Monday, January 22, 2007

Fighting, Passions and Characters, oh my

This is the problem with being familiar with the mechanics of a sword fight: you end up describing things WAY TOO MUCH when (re)writing combat scenes in your novel. Yes, it looks really, really cool in my head, and will wow about .05% of my intended audience, but honestly, it's too much for most people. I like that I can visualize, block out and dissect a combat sequence in my brain, but sometimes it gets in the way. It's easy, as the writer, to sit back and go through every option in your head, to play around with three different counters and several different actions (as well as all the footwork and body mechanics and blade work and angulation and... you see some of my problem here :), but this isn't always the best answer. In fact, it can be a train wreck if you aren't careful.

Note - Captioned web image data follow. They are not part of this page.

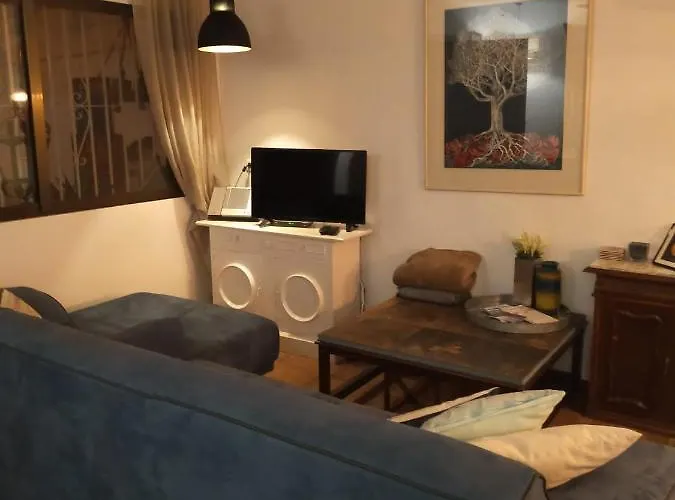 Casa Eline De Lujo Casco Antiguo Piscina Privada Y Jardin Сasa de vacaciones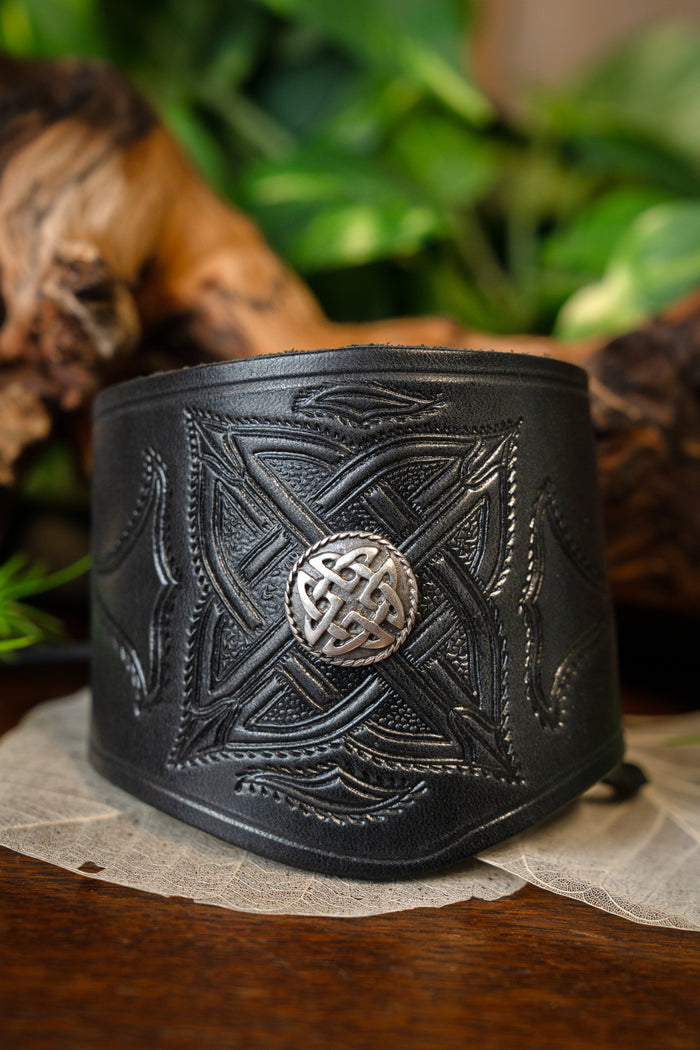 Celtic bracelet, black, leather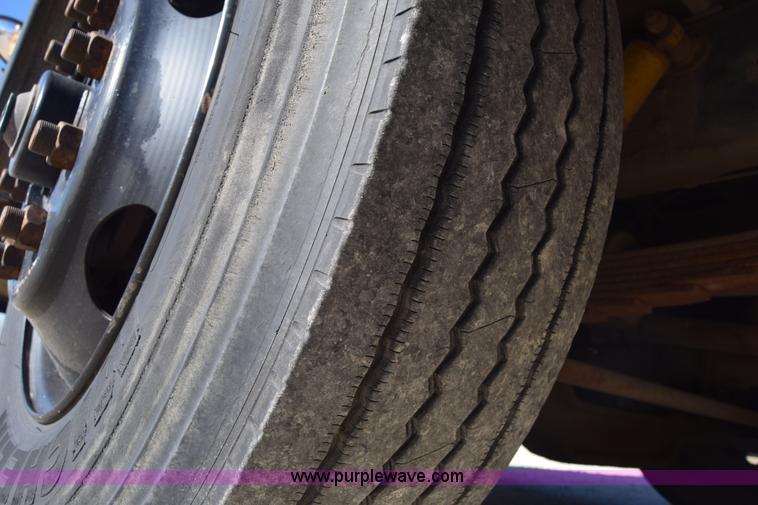 image for item K4968 1993 Blue Bird TC2000 school bus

A current example: my protagonist is a poor swordsman at best, more street-educated that classically trained with weapons. This means he isn't always pretty, doesn't always make the right choices, and relies on a blend of skill, strategy, street smarts and luck to pull his bacon out when things get tough. Sometimes, this is in direct contradiction to my own instincts and skill set, which makes things interesting. It also means that my first visualization of a scene may or may not be the best one. There is what I would do, what he should do, and what he ends up doing. Sometimes all three align, other times they completely diverge. It's the latter, more common development, that tends to cause me the most trouble. Some days, I think it might be easier if I didn't study historical sword fighting.

The best answer I have found for this so far (aside from frequent rewriting, which can be like pouring gasoline on a slow fire at times) is to actively remind myself how much my narrator does and does NOT know about fighting. Likewise, I try to keep his relative skill level compared to his opponent(s) in my fore brain as well. Just because I know the proper counter to this move, or might try that action, or could see his opponent do this attack, doesn't mean that they will. I need to keep my understanding and instincts at arm's reach, because it's not me doing the fighting, it's my protagonist, and he's going to act and react and fight a lot differently than I would or could. this is true when I am writing about exceptional fighters as well, only from the other direction.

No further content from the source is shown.